TASK DETAILS
For this task, output every entry below exactly and omit the pictures.

[INFORMATION PROVIDED]

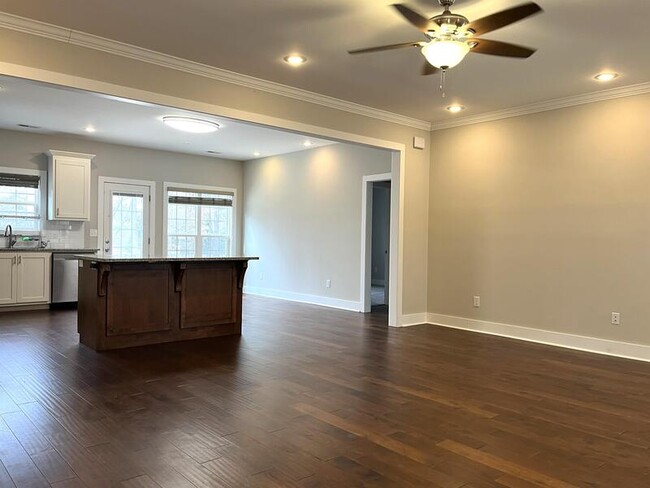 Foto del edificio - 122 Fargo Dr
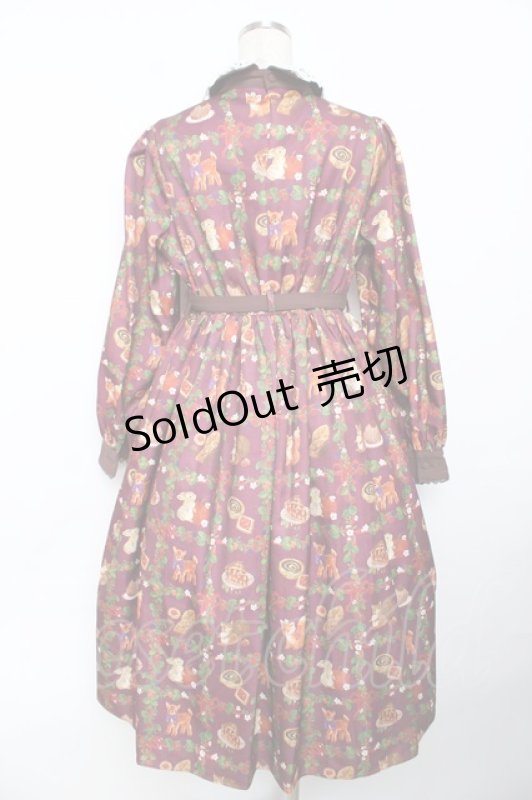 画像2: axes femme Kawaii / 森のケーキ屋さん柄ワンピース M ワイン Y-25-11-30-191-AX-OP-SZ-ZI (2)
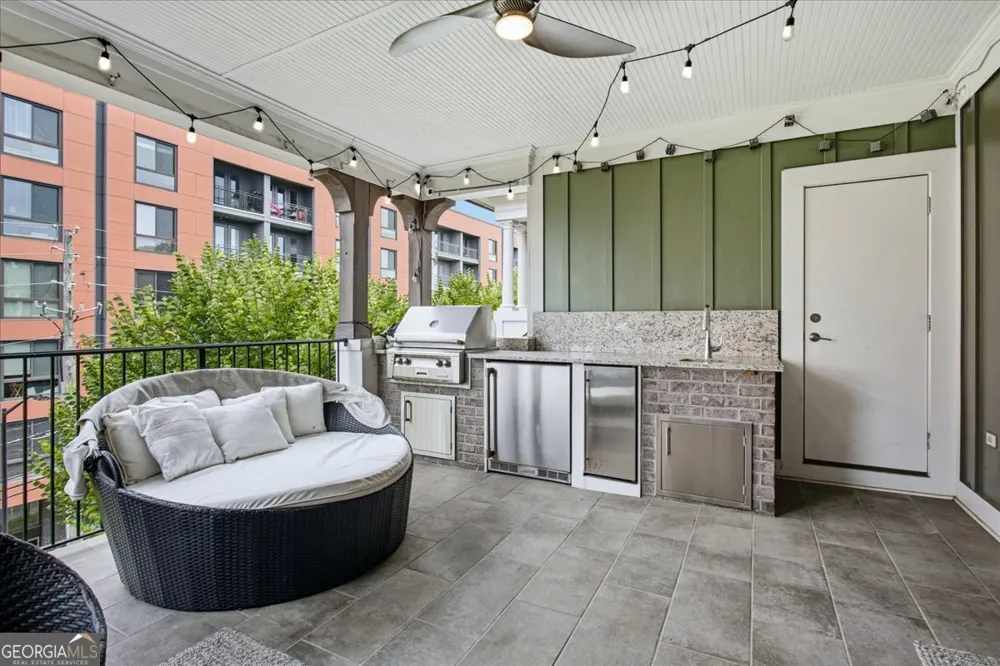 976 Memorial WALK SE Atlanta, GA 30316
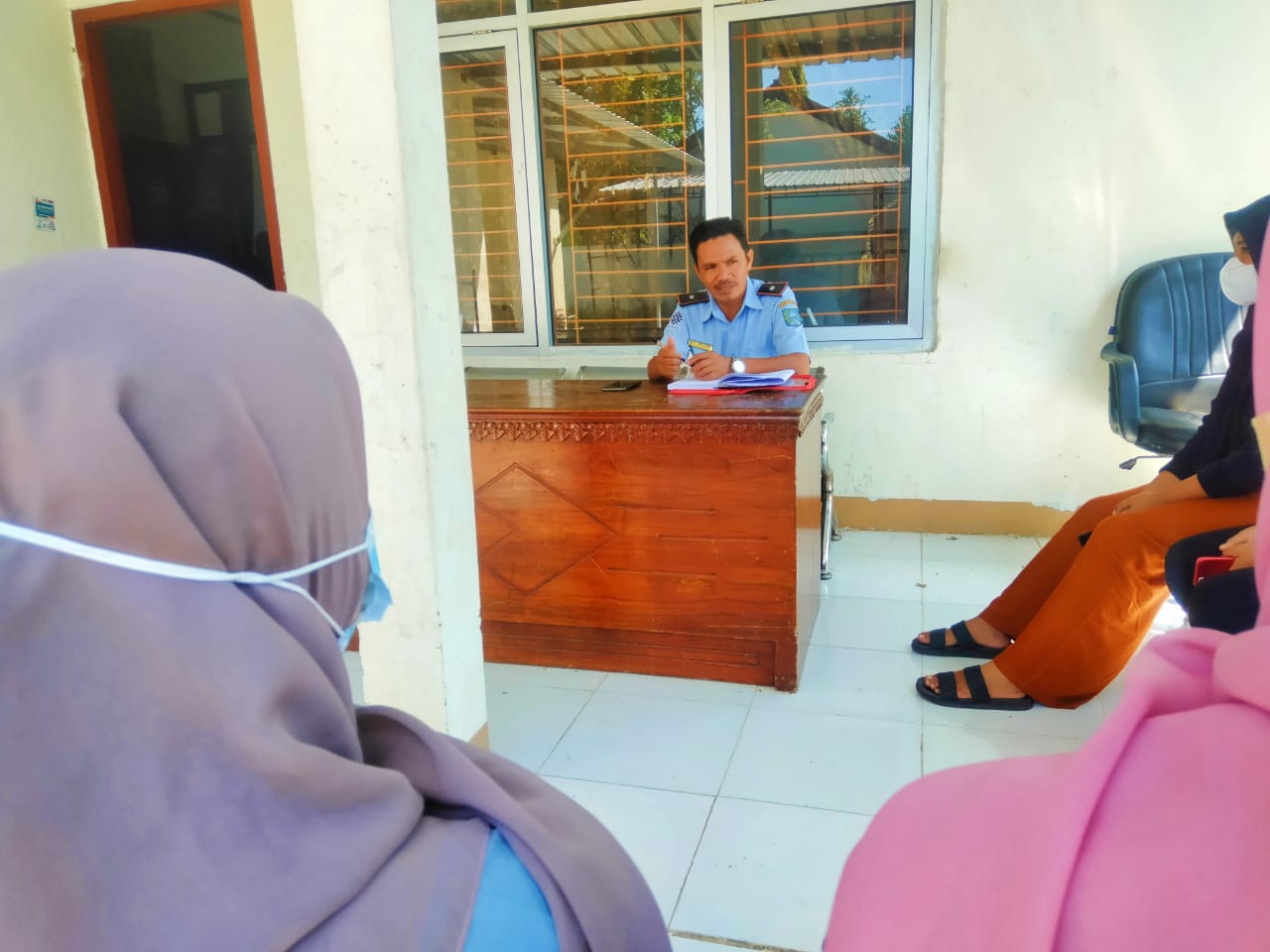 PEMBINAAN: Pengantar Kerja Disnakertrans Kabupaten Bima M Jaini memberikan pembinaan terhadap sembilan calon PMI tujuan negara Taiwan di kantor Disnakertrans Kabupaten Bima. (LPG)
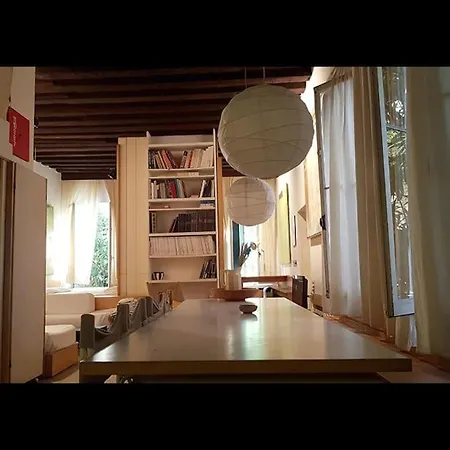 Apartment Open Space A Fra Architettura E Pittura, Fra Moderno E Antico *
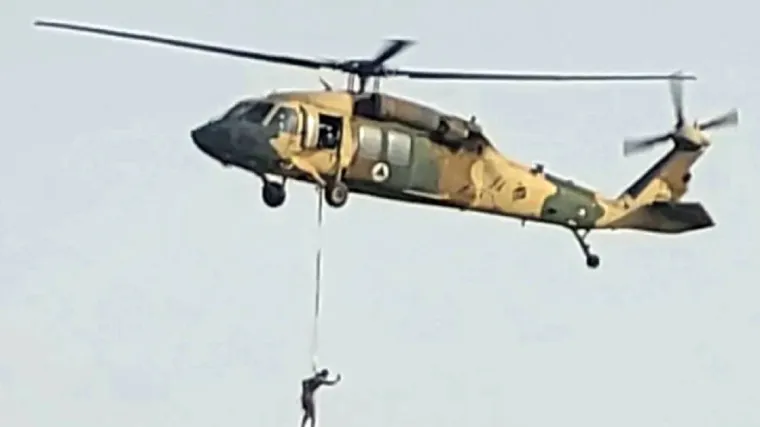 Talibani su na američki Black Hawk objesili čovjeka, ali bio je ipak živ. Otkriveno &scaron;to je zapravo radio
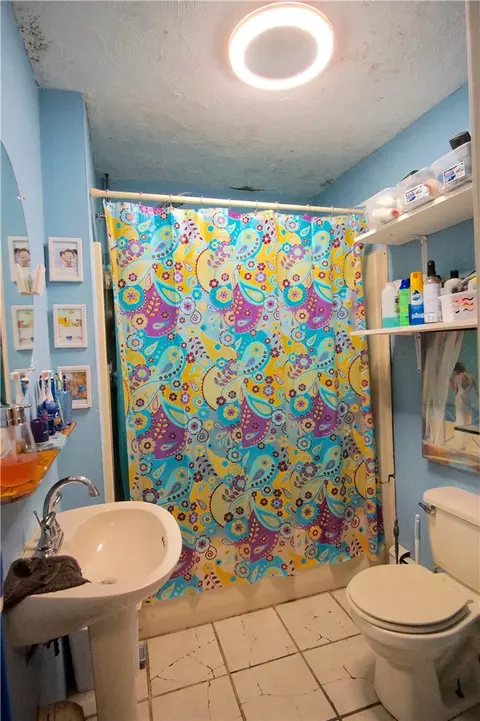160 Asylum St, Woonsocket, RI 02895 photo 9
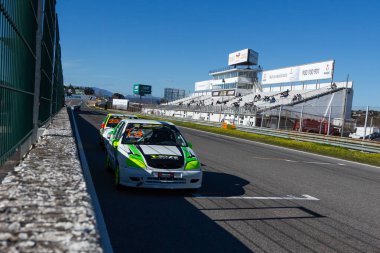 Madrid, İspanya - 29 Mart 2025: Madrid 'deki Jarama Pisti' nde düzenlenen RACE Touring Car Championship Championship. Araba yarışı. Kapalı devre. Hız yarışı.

[/INFORMATION PROVIDED]

ANSWER FOR THIS EXERCISE
 Foto del edificio - 122 Fargo Dr
 画像2: axes femme Kawaii / 森のケーキ屋さん柄ワンピース M ワイン Y-25-11-30-191-AX-OP-SZ-ZI (2)
 976 Memorial WALK SE Atlanta, GA 30316
 PEMBINAAN: Pengantar Kerja Disnakertrans Kabupaten Bima M Jaini memberikan pembinaan terhadap sembilan calon PMI tujuan negara Taiwan di kantor Disnakertrans Kabupaten Bima. (LPG)
 Apartment Open Space A Fra Architettura E Pittura, Fra Moderno E Antico *
 Talibani su na američki Black Hawk objesili čovjeka, ali bio je ipak živ. Otkriveno &scaron;to je zapravo radio
160 Asylum St, Woonsocket, RI 02895 photo 9
 Madrid, İspanya - 29 Mart 2025: Madrid 'deki Jarama Pisti' nde düzenlenen RACE Touring Car Championship Championship. Araba yarışı. Kapalı devre. Hız yarışı.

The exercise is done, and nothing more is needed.